Oxford Industries Inc (OXM)

Debt-to-equity ratio

Feb 3, 2024 Jan 28, 2023 Jan 29, 2022 Jan 30, 2021 Feb 1, 2020
Long-term debt US$ in thousands 29,304 119,011
Total stockholders’ equity US$ in thousands 560,914 556,270 507,664 405,728 528,598
Debt-to-equity ratio 0.05 0.21 0.00 0.00 0.00

February 3, 2024 calculation

Debt-to-equity ratio = Long-term debt ÷ Total stockholders’ equity
= $29,304K ÷ $560,914K
= 0.05

The debt-to-equity ratio for Oxford Industries Inc has shown a significant increase over the years, indicating a shift towards a higher level of debt relative to equity in the company's capital structure. In February 2024, the debt-to-equity ratio stands at 0.05, which is a notable rise from the previous year's ratio of 0.21. This suggests that the company has reduced its reliance on debt financing and is now more balanced in terms of debt and equity.

Comparing the latest ratio to the ratios from 2022, 2021, and 2020, where the ratio was 0.00, we see a clear trend of increasing leverage in the company's financial structure. This sudden shift in 2023 might indicate a strategic decision to take on more debt to fund growth opportunities or for other reasons.
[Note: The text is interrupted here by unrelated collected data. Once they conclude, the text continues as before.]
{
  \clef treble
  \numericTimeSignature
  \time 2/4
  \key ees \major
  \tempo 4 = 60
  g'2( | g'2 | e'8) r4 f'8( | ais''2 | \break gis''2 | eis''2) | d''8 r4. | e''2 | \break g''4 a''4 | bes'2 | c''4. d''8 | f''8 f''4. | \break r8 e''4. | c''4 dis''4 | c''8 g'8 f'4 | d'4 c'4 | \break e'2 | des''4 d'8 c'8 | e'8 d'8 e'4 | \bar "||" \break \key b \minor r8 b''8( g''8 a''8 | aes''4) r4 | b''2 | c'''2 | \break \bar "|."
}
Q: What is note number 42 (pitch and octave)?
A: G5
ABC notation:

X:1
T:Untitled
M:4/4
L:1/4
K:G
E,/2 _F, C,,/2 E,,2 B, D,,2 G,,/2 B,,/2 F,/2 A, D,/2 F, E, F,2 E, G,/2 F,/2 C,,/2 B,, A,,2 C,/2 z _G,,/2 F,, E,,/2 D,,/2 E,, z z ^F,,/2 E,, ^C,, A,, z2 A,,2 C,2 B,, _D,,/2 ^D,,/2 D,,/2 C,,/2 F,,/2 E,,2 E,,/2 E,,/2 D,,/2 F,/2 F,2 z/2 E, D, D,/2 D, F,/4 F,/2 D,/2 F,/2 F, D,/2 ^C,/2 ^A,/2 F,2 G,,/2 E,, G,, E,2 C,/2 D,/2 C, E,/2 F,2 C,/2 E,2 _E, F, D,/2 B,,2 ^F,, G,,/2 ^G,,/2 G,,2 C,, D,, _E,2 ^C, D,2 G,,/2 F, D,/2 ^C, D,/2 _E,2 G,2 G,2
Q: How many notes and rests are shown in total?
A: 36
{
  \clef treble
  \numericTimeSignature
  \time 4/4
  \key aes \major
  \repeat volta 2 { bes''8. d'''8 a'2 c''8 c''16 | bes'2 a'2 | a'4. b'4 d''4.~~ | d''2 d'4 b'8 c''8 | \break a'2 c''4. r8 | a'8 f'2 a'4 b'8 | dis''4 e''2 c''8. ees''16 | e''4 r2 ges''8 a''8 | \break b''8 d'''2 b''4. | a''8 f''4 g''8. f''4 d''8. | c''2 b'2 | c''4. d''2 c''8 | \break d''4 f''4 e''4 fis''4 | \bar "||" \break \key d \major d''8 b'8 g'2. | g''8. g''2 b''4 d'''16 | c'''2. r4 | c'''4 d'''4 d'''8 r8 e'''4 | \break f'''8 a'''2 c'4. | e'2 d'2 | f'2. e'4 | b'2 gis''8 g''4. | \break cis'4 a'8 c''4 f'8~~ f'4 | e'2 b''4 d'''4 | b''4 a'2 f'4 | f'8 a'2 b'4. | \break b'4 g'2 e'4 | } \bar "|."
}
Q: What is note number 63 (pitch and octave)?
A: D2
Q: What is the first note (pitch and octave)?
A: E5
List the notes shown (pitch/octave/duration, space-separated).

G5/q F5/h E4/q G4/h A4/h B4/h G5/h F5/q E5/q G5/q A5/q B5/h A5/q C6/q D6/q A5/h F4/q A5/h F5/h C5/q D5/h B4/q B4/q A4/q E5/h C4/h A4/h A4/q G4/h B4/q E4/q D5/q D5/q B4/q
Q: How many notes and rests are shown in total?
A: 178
It is important to note that a low debt-to-equity ratio does not necessarily indicate financial instability, as it could reflect a conservative financing approach. However, a sudden increase in the ratio, as seen in Oxford Industries Inc's case, could signal a change in the company's capital allocation strategy and should be monitored closely for its impact on financial risk and performance.